Illuminate the darkness
“A distinguishing characteristic of the creative mind is that it can accept reversals of fortune without emotional damage – indeed, processes them at once into something rich and strange.” Edmund Morris: Beethoven: The Universal Composer By ...
“A distinguishing characteristic of the creative mind is that it can accept reversals of fortune without emotional damage – indeed, processes them at once into something rich and strange.”
Edmund Morris: Beethoven: The Universal Composer
By the time he wrote his fifth symphony (you know, the one with the “victory” theme), Beethoven was already losing his hearing. By the time he wrote his ninth symphony (you know, “Ode to Joy”) he was stone deaf. What could be worse for a musician than to be stone deaf? Any yet, in that aural darkness, Beethoven saw shapes that became some of the greatest music ever written.
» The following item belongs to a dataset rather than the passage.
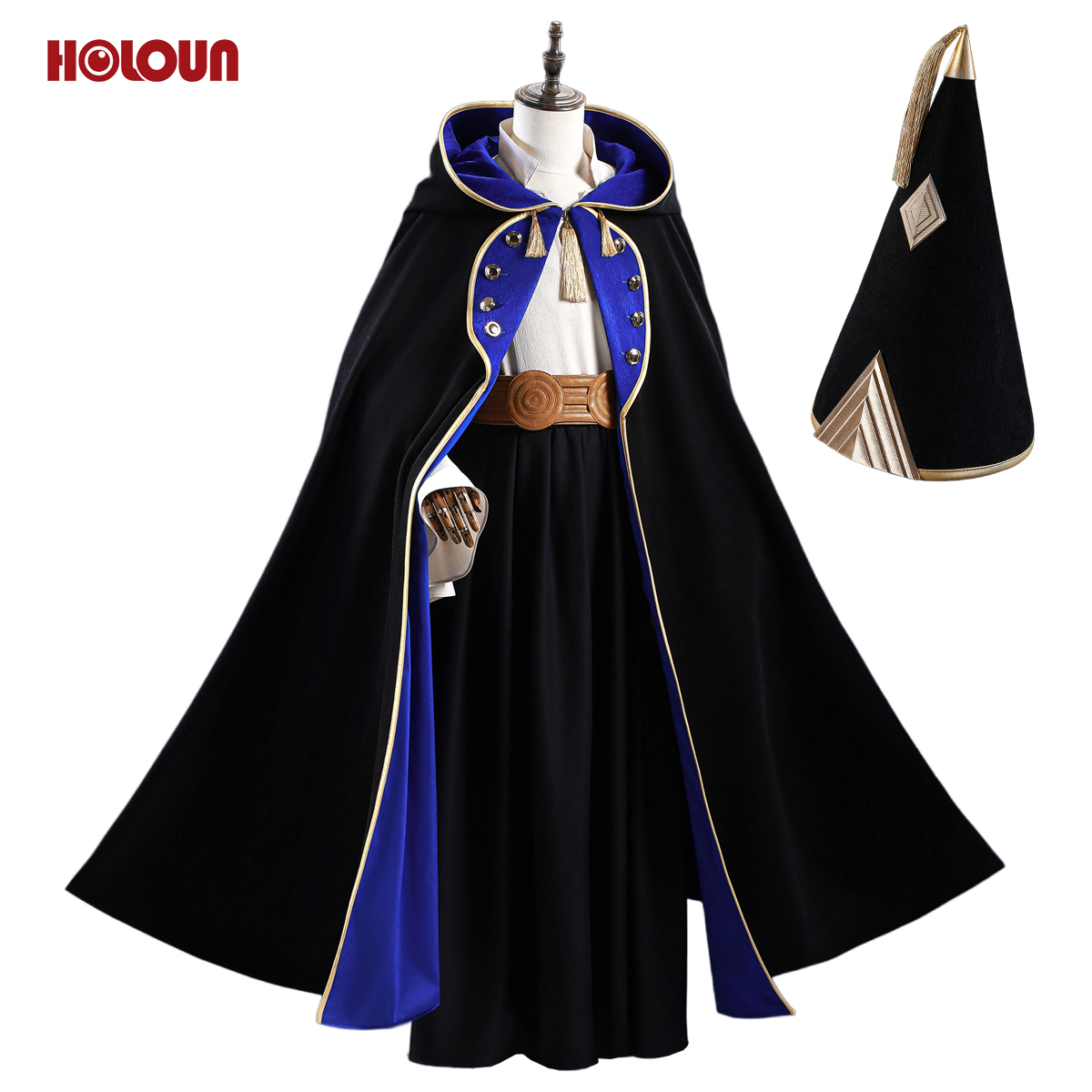 【新着商品】とんがり帽子＆アトリエ オルーギオ コスプレ衣装 コスチュームアニメハロウィン仮装 演出服祝日贈り物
What could be worse for a football player than to be paralyzed? Rutgers’ defensive lineman Eric LeGrand was on track to become a professional football player when a smashing tackle left him a quadriplegic. In his book Believe, he wrote about how he had been inspired by the story of another quadriplegic who believed, as Eric believes, that he would again walk one day: Christopher Reeve. And now Eric has become that voice of inspiration for many others. In his book, he recounts the story of how, during a speaking event for middle-schoolers, he was asked by a blind child what advice he had for him. His response reflects the soul of a man who has found life in the darkness (the way Beethoven did) and is now sharing that light with others. He said:
You have to believe in yourself. You can’t let anything stop you from being the best you can be, from being yourself. You have a lot going for you. You can talk, and you can think, so let me leave you with that encouragement.
In his book Illuminate: Harnessing the Positive Power of Negative Thinking my good friend David Corbin wrote: “I think you’ll find that you will never be able to eliminate the negative until you have the gumption to illuminate it first.”
By the way, David is the person I referred to earlier who called me on the carpet for just whining about my catastrophic Lasik experience rather than doing something constructive to help prevent other people from suffering similar experiences.